EXERCISE GOAL – The answer must be an exact copy of the lines from the one containing "Rainbow Snow Forest" through the end of the records, with the pictures left out.

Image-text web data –

##############################

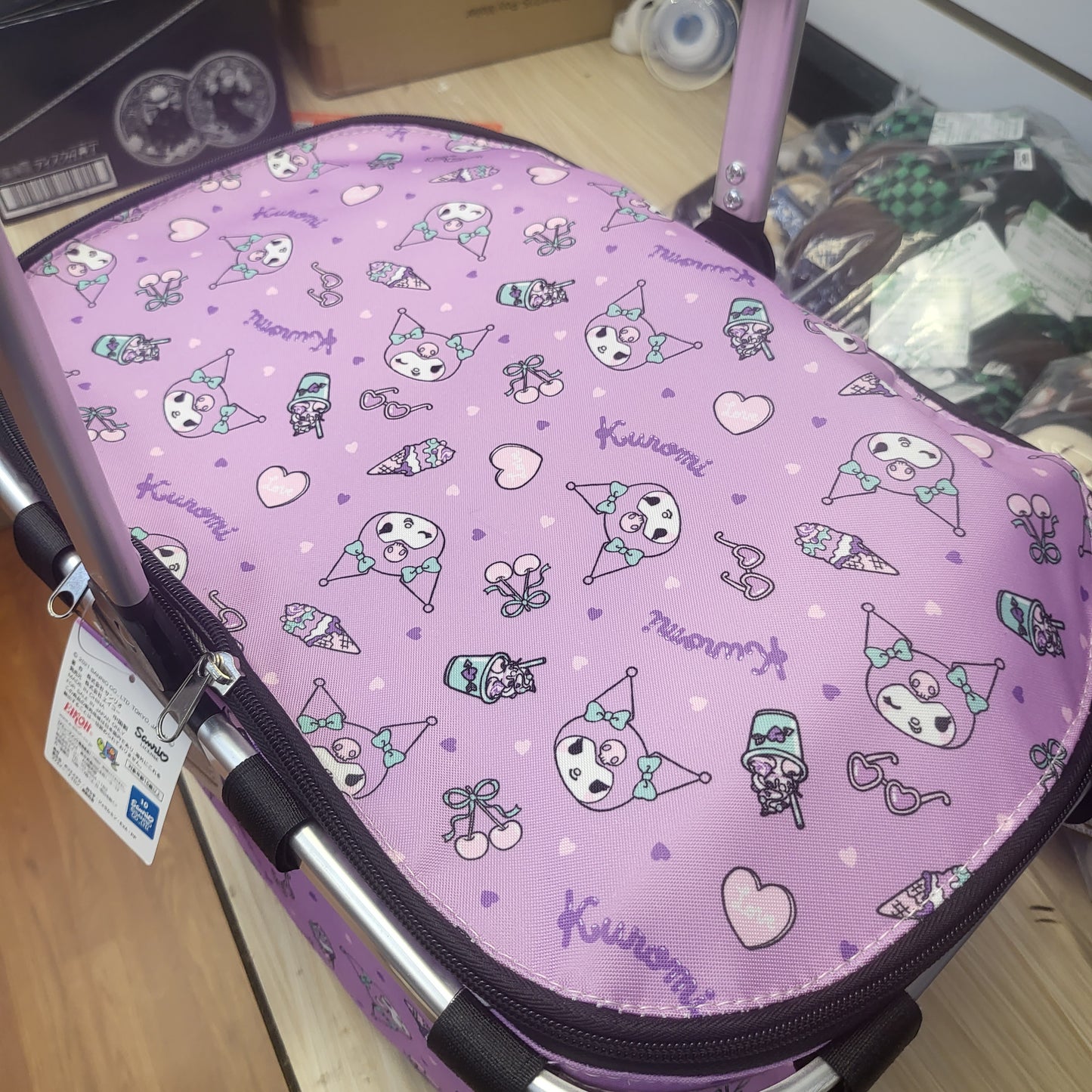 Sanrio Characters Kuromi Girfly Cafe Style Cool Basket 16.5"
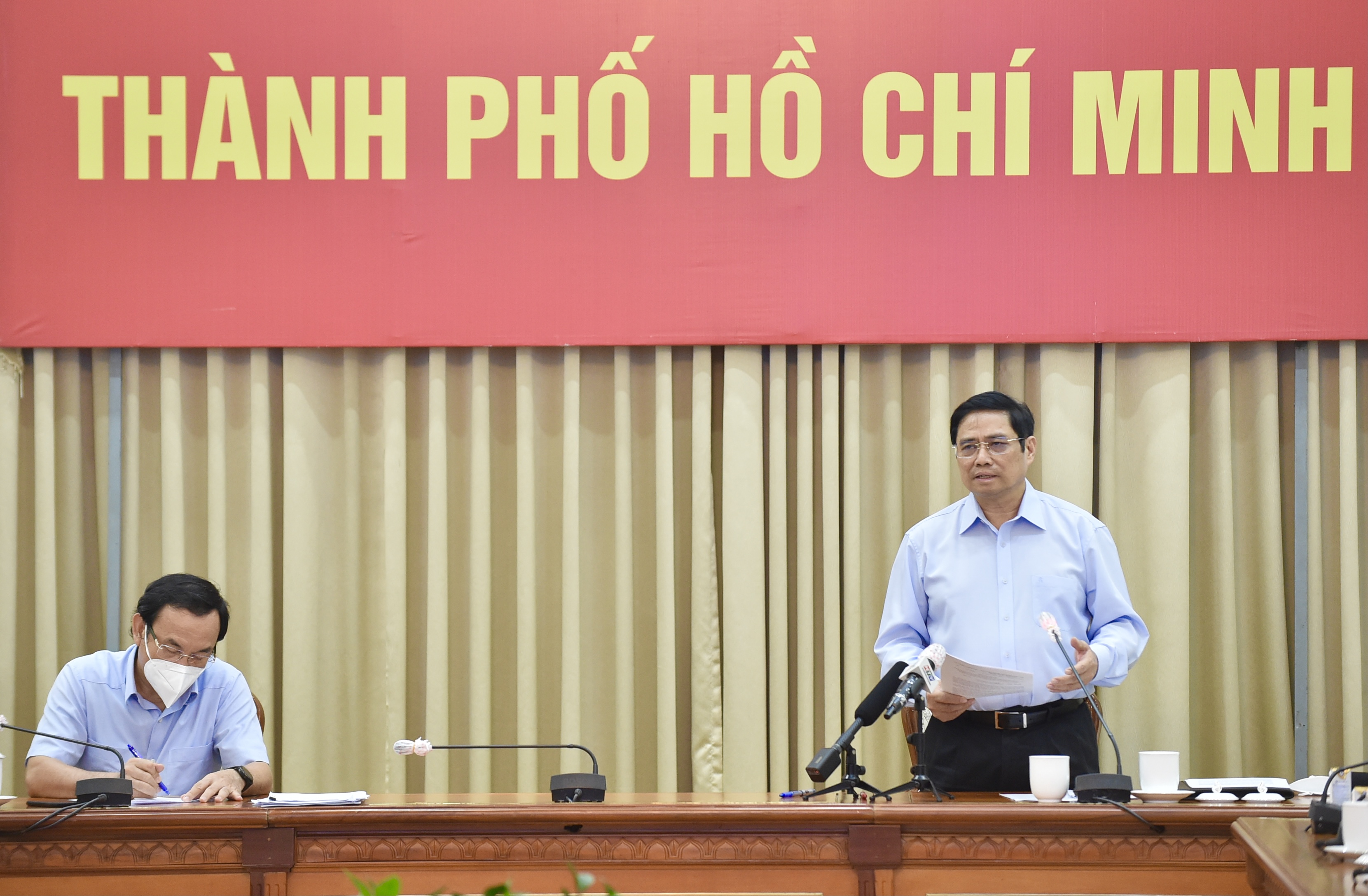 Thủ tướng yêu cầu củng cố vững chắc hơn, phát huy hiệu quả hơn 312 pháo đài chống dịch tại TPHCM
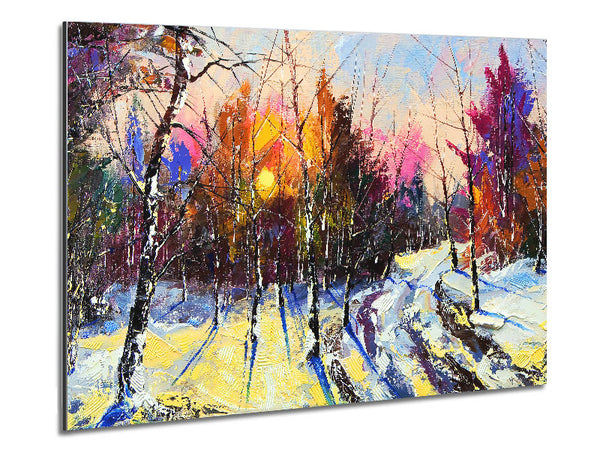 Rainbow Snow Forest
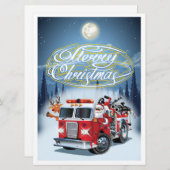 Kerstkaart met groet (Voorkant / Achterkant)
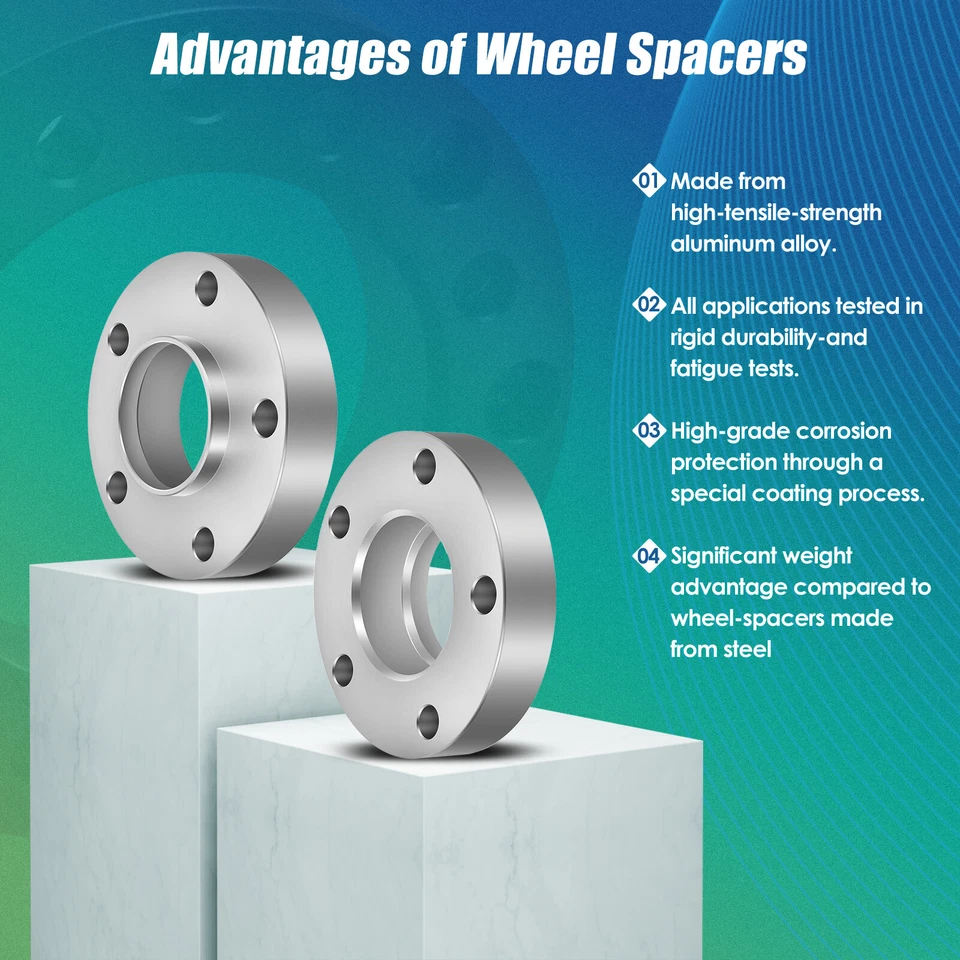 Espaciadores de rueda 4 piezas 30 mm centrados en el cubo 5x120 para BMW 328xi 335xi 328i 335i 528i 530i Foto 4 de 4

##############################

WRITTEN REPLY –
 Rainbow Snow Forest
 Kerstkaart met groet (Voorkant / Achterkant)
 Espaciadores de rueda 4 piezas 30 mm centrados en el cubo 5x120 para BMW 328xi 335xi 328i 335i 528i 530i Foto 4 de 4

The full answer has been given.